• [ASSIGNMENT] Begin your copy at the line holding "Best Winterizing Services" and end it at the last line of the listing. Keep every line exact and leave out the pictures.

• [SUPPLIED DATA]
=-=-=-=-=

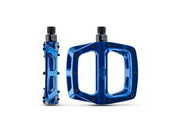 DMR V8 Pedal One Size Blue  click to zoom image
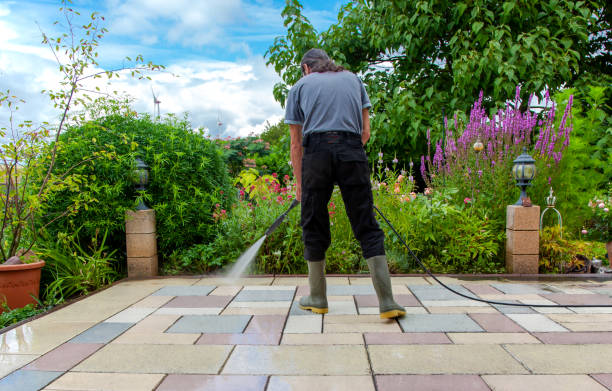 Best Winterizing Services  in Jasper, FL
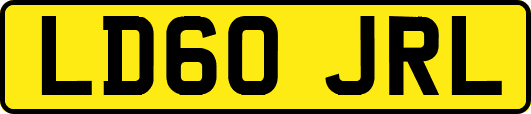 LD60JRL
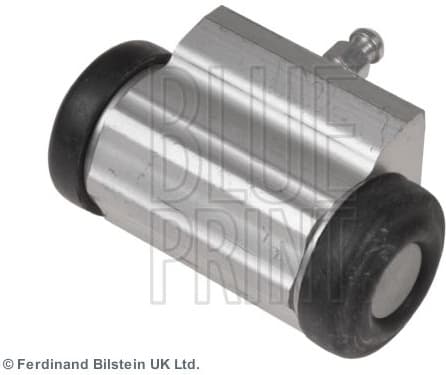 Wheel Brake Cylinder ADT34480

=-=-=-=-=

• [SOLVED EXERCISE]
 Best Winterizing Services  in Jasper, FL
 LD60JRL
 Wheel Brake Cylinder ADT34480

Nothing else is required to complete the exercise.